### Exercise objective
Going line by line through the records below, write out everything starting with the line containing "Kit Prato de" and going on through the line containing "High Quality Mobile", exactly and inclusively. Pictures do not go in.

### Records to process
▼▼▼

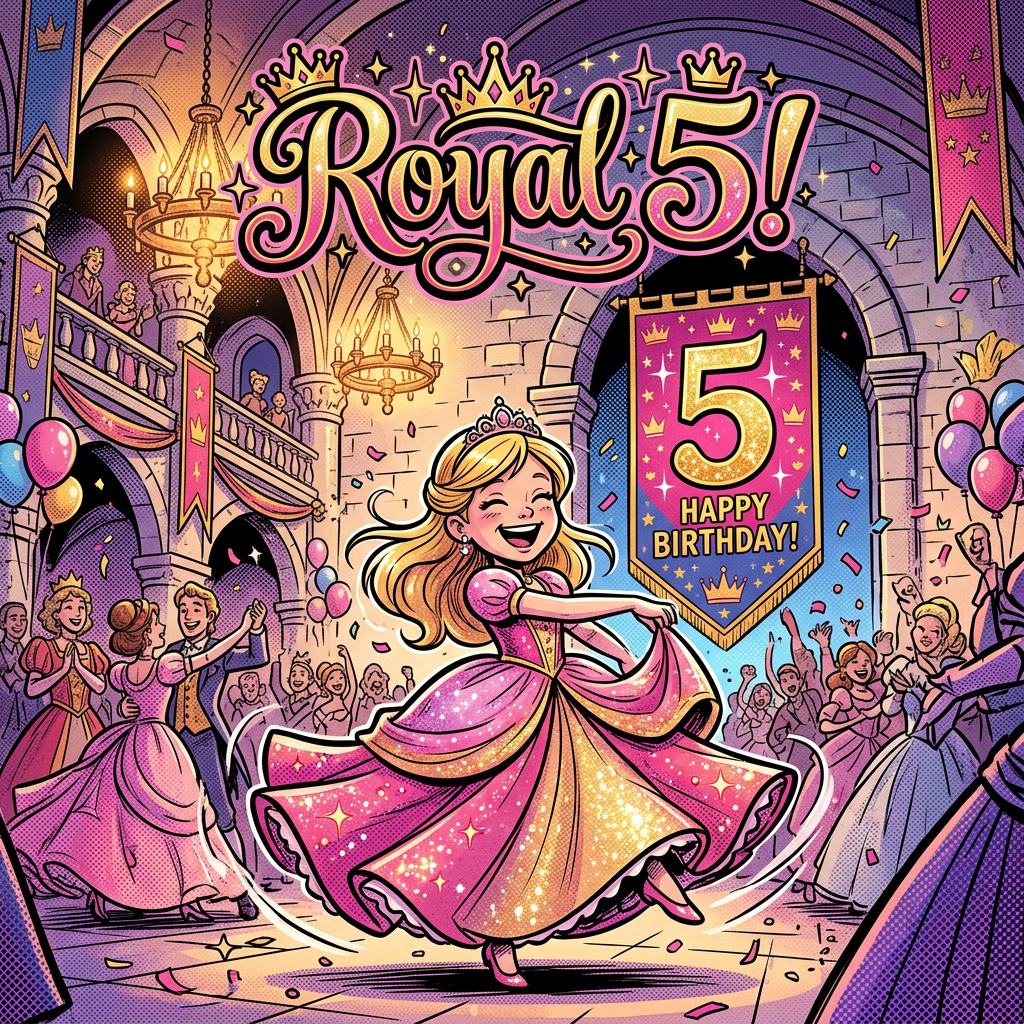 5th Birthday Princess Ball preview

▲▲▲
▼▼▼

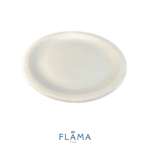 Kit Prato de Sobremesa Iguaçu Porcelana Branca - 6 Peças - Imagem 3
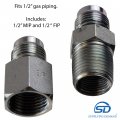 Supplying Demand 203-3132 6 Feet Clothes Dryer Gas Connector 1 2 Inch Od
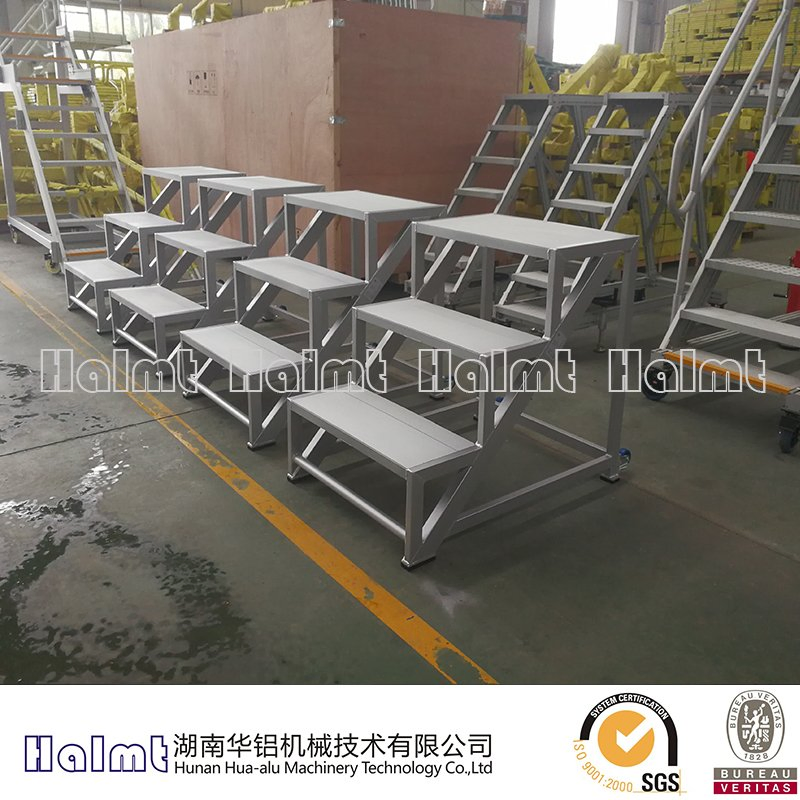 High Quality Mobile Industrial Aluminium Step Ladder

▲▲▲

### Task answer
 Kit Prato de Sobremesa Iguaçu Porcelana Branca - 6 Peças - Imagem 3
 Supplying Demand 203-3132 6 Feet Clothes Dryer Gas Connector 1 2 Inch Od
 High Quality Mobile Industrial Aluminium Step Ladder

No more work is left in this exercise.